DETROIT, Michigan (AFP) – (AFP) – Toyota said Wednesday that it plans a new push to boost its market share in Latin America, saying it underperforms in Brazil and Mexico, the region’s largest economies.
Mark Hogan, former president of Magna International and former General Motors executive, who became the first American to serve on Toyota’s board of directors on June 1, told reporters that Toyota needs to expand its footprint in the two countries.
“Toyota is an extremely strong brand in Brazil but it underperforms in the market,” Hogan told reporters during a Toyota press event.
“We only have an about 5 percent market share. It should be higher,” he said.
“Brazil is a very important market for Toyota,” added Hogan, who said one of his assignments as a new board member is to expand the company’s foothold in Latin America.
Toyota needs more production capacity in Brazil as well as in Mexico, said Hogan, who worked in Brazil when he was with GM.
“We also need a new entry level product in Brazil,” he added.

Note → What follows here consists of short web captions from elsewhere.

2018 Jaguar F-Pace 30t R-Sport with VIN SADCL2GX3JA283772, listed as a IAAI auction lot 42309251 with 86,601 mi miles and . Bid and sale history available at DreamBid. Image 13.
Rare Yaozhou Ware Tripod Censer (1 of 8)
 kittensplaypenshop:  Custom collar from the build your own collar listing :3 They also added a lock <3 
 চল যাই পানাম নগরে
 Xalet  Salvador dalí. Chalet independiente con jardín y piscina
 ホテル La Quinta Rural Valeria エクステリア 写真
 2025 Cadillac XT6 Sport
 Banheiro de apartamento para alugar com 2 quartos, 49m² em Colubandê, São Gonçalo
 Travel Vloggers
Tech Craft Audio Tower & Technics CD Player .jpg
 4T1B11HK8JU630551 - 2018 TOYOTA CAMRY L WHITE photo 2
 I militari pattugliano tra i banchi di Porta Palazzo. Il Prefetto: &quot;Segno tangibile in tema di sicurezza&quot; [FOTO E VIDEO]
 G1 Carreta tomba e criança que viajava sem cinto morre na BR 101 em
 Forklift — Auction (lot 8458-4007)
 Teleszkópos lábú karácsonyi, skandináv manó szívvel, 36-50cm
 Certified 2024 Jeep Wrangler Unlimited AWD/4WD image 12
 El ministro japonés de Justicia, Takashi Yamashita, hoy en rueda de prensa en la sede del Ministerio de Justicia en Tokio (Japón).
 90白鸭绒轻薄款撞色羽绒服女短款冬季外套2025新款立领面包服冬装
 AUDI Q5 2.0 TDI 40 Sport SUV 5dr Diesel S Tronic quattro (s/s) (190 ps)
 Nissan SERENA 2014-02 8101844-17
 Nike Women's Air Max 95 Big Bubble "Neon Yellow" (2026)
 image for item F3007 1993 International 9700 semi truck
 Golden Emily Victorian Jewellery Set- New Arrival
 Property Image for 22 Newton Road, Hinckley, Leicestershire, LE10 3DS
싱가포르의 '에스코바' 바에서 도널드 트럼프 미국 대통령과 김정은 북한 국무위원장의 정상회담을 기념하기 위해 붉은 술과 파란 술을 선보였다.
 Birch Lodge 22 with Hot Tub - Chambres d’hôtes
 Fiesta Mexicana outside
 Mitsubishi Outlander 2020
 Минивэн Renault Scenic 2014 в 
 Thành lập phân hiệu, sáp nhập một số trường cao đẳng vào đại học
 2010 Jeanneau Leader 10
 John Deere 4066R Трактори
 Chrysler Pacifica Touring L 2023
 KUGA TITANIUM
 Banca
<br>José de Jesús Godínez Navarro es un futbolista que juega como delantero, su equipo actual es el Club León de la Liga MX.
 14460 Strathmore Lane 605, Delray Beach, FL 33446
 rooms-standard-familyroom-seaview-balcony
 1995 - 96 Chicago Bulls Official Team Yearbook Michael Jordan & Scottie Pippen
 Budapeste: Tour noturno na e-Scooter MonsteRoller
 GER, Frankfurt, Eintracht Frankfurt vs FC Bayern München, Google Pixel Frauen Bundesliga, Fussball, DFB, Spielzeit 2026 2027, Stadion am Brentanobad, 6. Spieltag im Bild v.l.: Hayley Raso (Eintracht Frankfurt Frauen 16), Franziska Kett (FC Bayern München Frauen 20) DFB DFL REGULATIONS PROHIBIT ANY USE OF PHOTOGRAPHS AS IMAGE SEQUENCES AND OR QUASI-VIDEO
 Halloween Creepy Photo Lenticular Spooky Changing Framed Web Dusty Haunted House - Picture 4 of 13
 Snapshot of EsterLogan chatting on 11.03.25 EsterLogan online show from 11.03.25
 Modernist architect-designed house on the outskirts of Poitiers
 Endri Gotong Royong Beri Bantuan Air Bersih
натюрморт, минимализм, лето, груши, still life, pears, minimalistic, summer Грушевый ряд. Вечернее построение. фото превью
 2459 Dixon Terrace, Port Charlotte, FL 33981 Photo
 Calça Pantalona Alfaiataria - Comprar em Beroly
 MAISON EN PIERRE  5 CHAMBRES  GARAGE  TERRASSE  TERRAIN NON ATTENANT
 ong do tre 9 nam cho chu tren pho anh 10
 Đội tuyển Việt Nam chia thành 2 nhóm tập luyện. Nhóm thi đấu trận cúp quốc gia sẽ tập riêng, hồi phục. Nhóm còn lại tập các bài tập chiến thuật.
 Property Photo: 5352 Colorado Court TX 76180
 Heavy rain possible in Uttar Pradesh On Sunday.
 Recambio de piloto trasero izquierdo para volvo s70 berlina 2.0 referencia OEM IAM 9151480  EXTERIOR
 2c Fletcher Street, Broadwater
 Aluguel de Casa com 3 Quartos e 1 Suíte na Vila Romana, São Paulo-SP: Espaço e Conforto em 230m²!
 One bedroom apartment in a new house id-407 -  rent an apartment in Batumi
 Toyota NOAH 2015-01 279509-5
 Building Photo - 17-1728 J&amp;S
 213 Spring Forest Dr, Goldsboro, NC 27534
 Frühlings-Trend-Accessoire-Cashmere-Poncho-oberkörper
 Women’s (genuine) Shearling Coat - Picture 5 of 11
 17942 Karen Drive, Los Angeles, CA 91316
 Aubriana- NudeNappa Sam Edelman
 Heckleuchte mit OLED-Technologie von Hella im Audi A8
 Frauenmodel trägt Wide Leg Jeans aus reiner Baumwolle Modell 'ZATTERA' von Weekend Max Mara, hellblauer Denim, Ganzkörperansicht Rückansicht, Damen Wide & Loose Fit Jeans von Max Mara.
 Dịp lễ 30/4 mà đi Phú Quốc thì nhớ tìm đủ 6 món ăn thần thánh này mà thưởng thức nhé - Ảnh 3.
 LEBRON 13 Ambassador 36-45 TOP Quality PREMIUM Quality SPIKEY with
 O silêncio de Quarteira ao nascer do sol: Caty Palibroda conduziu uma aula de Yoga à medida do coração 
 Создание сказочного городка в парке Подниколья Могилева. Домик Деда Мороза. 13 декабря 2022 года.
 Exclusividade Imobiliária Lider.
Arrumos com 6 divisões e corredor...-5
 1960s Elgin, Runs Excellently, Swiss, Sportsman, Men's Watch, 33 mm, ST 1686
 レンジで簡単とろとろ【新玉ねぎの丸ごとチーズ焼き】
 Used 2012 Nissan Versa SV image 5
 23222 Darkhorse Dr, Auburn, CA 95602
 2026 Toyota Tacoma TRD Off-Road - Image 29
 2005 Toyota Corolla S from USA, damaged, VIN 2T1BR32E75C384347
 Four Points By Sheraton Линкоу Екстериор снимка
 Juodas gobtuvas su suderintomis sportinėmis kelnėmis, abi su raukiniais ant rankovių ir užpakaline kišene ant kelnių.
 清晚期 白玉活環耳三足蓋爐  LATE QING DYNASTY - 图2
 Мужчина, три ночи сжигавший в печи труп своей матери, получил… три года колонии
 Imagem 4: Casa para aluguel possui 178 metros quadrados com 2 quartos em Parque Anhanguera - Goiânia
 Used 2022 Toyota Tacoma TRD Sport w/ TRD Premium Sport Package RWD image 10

Toyota is now building its third assembly plant in Brazil.
He said the company in addition needs more capacity in Mexico, where its market share is also about 5 percent.
“We have a terrific dealer body but we also underperform in Mexico,” added Hogan.
Toyota also has entered into partnership with Japanese carmaker Mazda to open a new assembly plant in San Luis Petosi, Mexico, in 2014, he said.